I have the following code that samples 1 row 5 times, 2 rows 5 times, 3 rows 5 times and so on.. After running the lapply and converting it to a dataframe to make comparisons I need a way to alter the ID variable to act as my groups. So rows 1:5 of "want" would be "group 1", rows 6:15 would be "group 2", 16:30 would be "group 3" and so on... These are the groupings because group one only has one replicate of each number in the ID column, group 2 has two replicates, group 3 has 3 replicates and so on.
Code
iris<- iris
select_rows <- 1:4
n_times <- 5
inds <- nrow(iris)
result <- lapply(select_rows, function(x)
replicate(n_times, iris[sample(inds, x), ], simplify = FALSE))

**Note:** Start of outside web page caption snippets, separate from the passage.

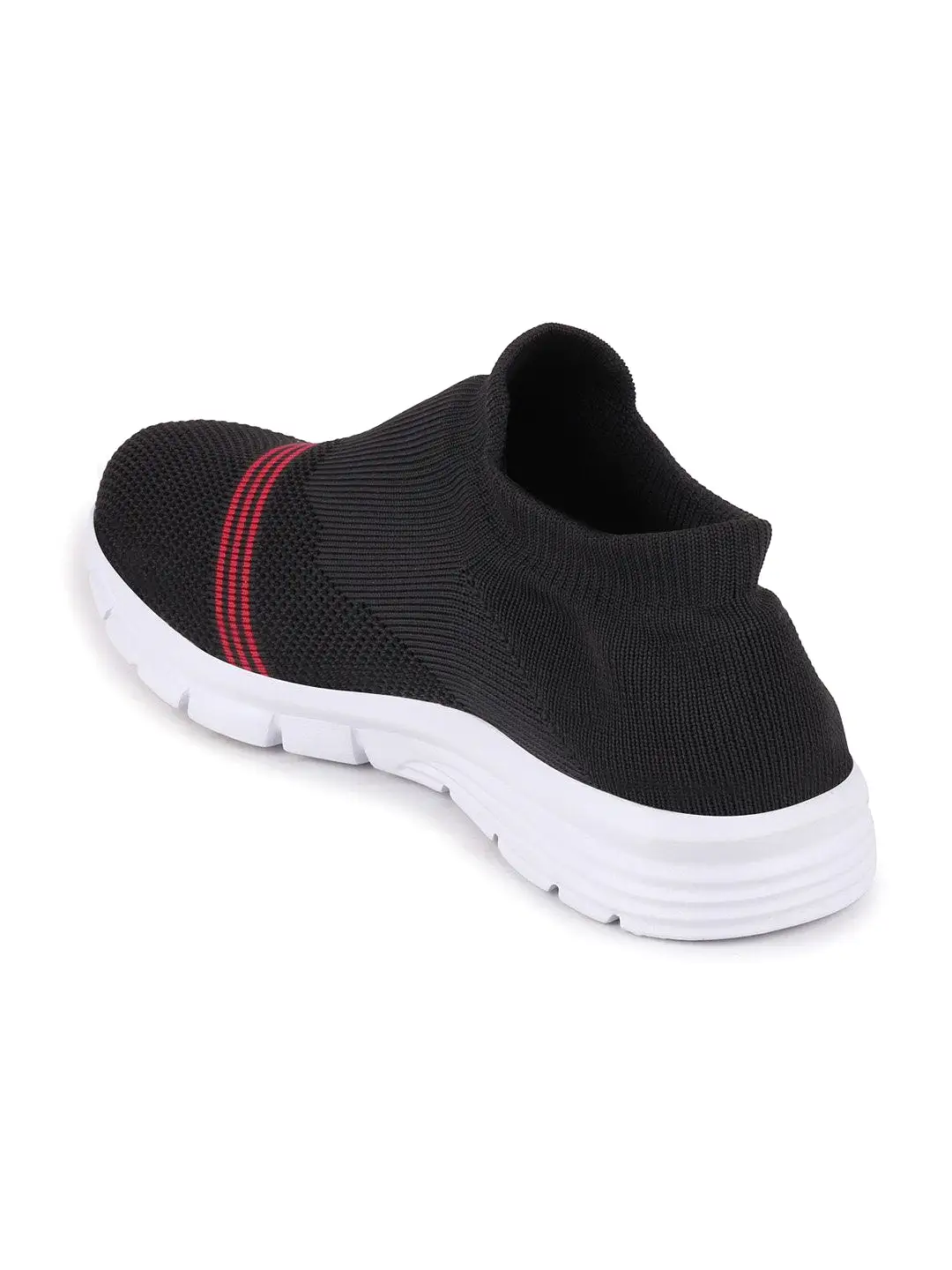 Men Black Sports Slip-On Walking Shoes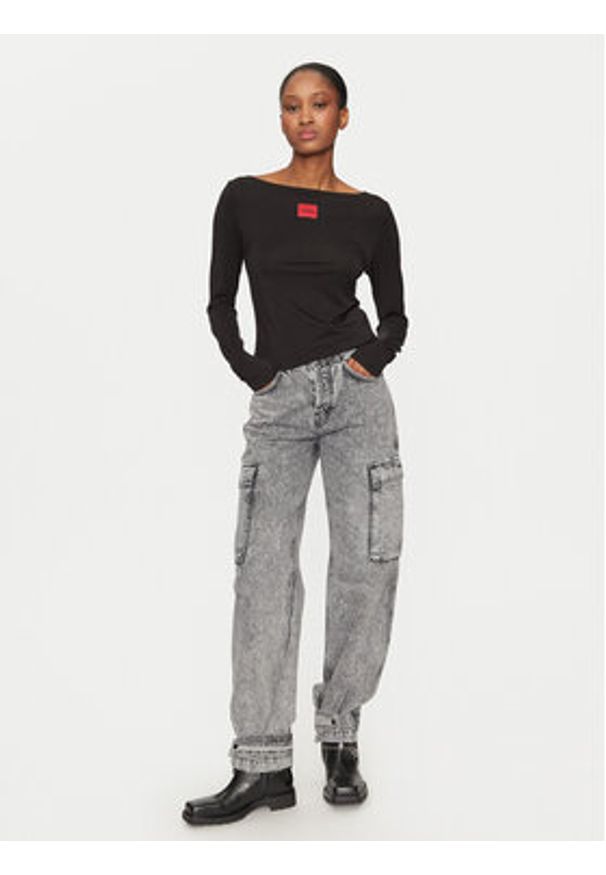 Hugo Bluzka Thermal 50486081 Czarny Slim Fit. Kolor: czarny. Materiał: syntetyk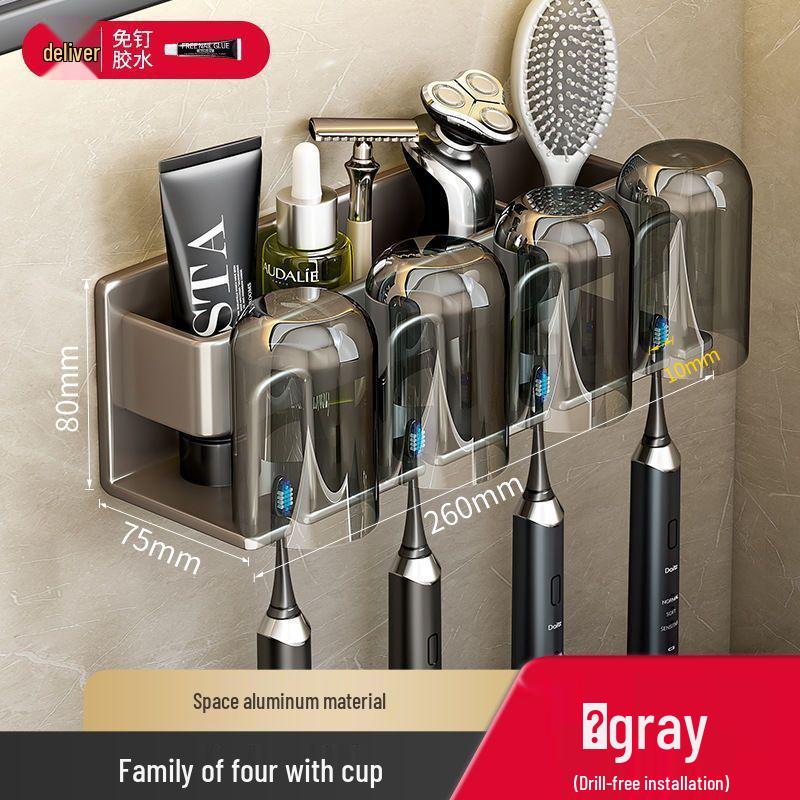 No-Punch Wall-Mounted Toothbrush and Cup Holder for Bathroom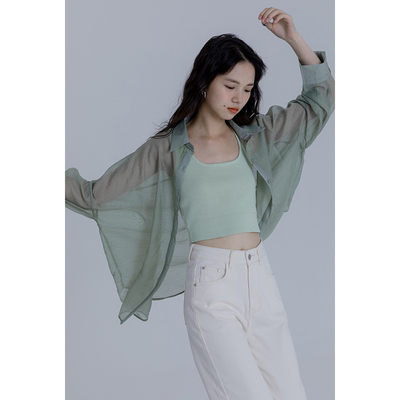 taobao agent Summer set, thin knitted vest, T-shirt, UV protection, lifting effect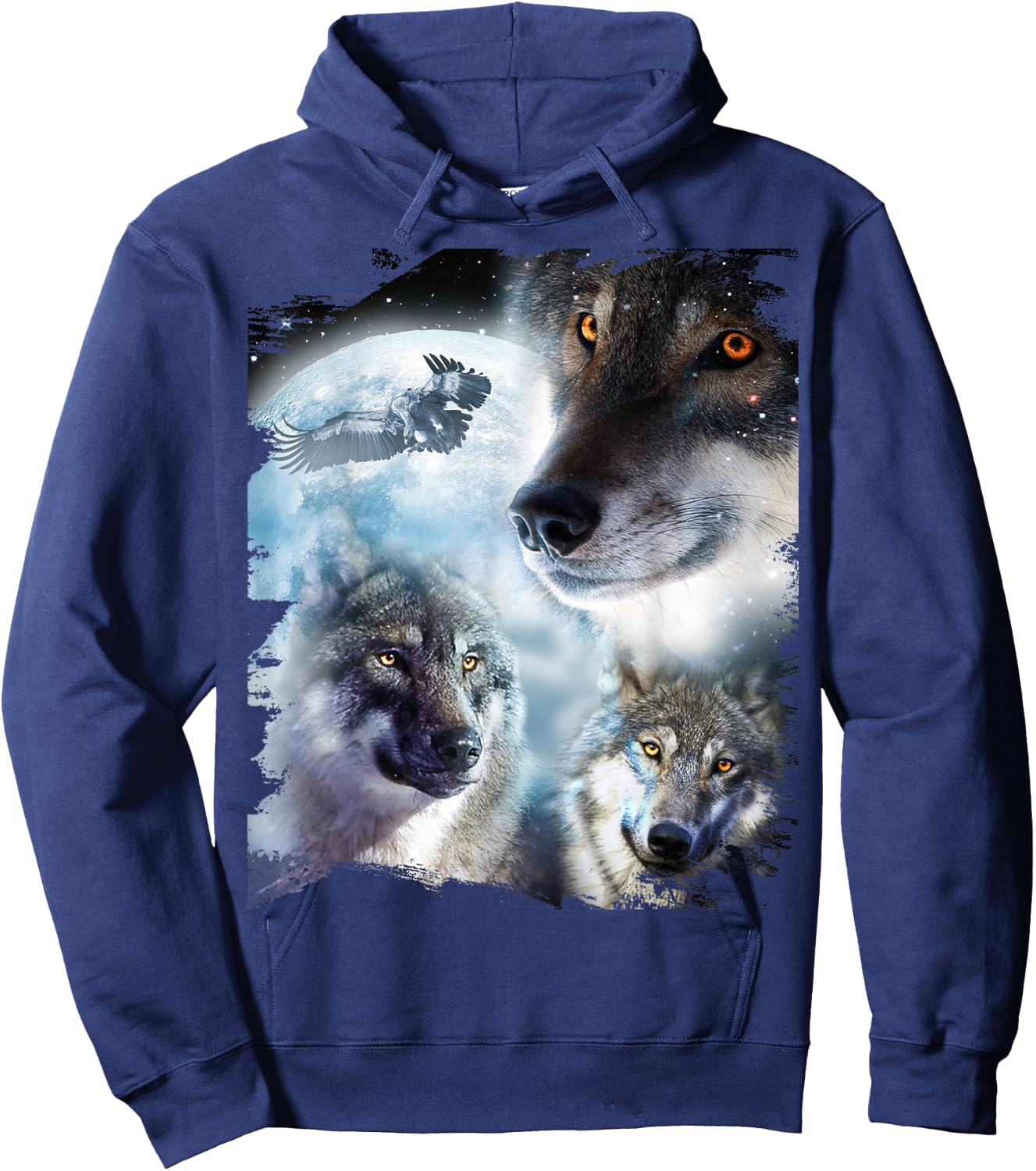 Space Wolves 3 Three Snow Wolf Howling At Moon Hoodie - Hoodie | Navy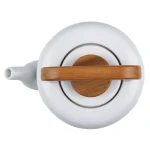 BonJour Wayfarer 4-Cup Matte White Ceramic Teapot with Stainless Steel Infuser and Teak Wood Accents thumbnail 4
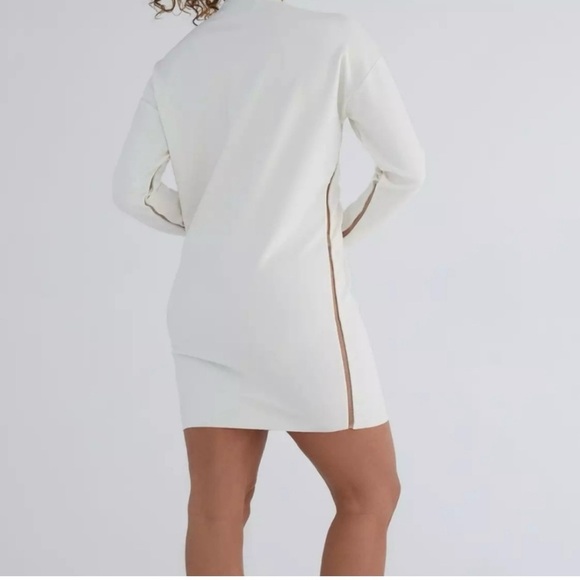 Kada NWT The Forever Funnel Neck Mini Dress Long Sleeve Lux Bodycon Stretchy - L - Picture 5 of 14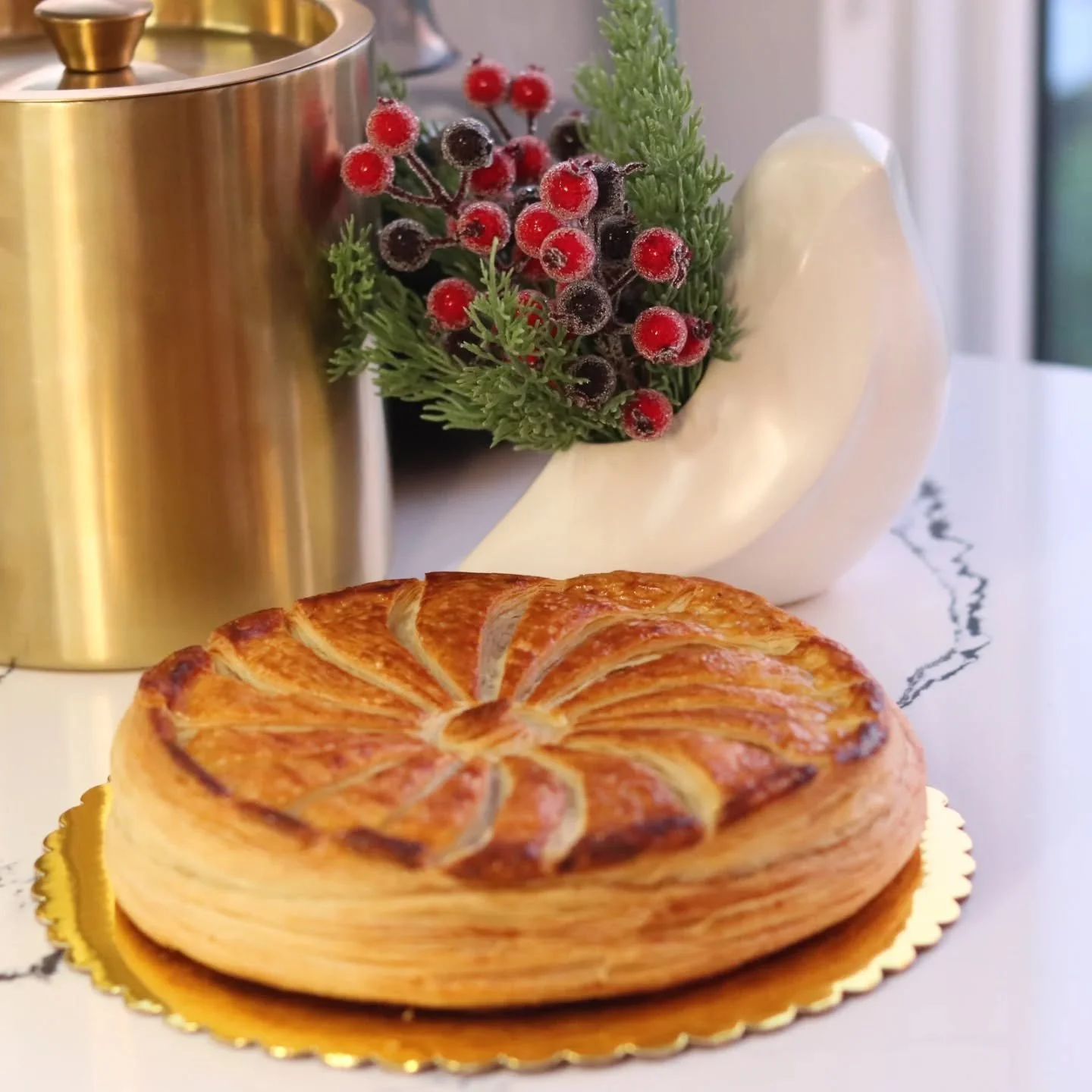 A tradition I remember getting so excited about.  My parents would pick up the traditional Galette des Rois, and I would be so excited about finding the "f&egrave;ve". Now I bring the excitement to others by baking it for them.  Layers and 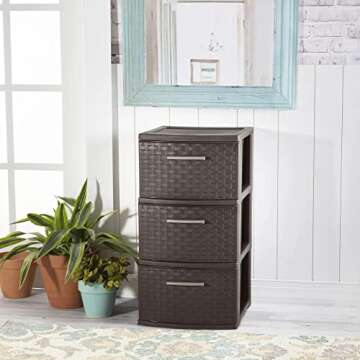 TQaSer 3-Drawer Wide Weave Design Storage Tower, Espresso Frame & Drawers With Driftwood Handles, Brown, Case of 1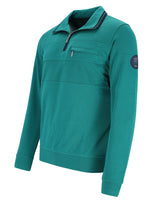 Blaugrüner Pullover mit Reißverschluss und marineblauem Saum und Logoaufnäher am Ärmel.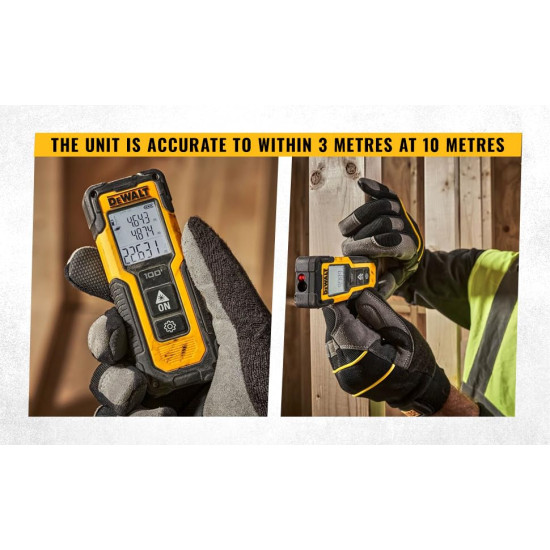 Dewalt Laser Distance Meter DWHT77100 (0.2 to 30 m Range, Laser Class 2, Measurement Tolerance: +/- 3 mm / 10 m, Length, Areas, Volume & Pythagoras Measurements, Easy Operation)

want<- bind_rows(result, .id = 'source')
View(want)
Thinking about running an ANOVA on each column for example, the ID column would not provide sufficient groupings of observations.
I suppose I could use a combo of ifelse
and mutate
to manually go through and assign the rows to certain groups, but I hope to avoid this as I will need to do this for several varying dataframes.
I also tried the following code to assign groups over a sequence, but realized it wouldn't work because the numbers of observations in each group are not the same:
final<- want %>% mutate(Group = rep(seq(1,ceiling(nrow(want)/5)),each = 5))
Any help would be appreciated.
Use the times
argument to rep
to get five 1's, ten 2's, fifteen 3's, etc.
dat$id <- rep(1:3, times=1:3*5)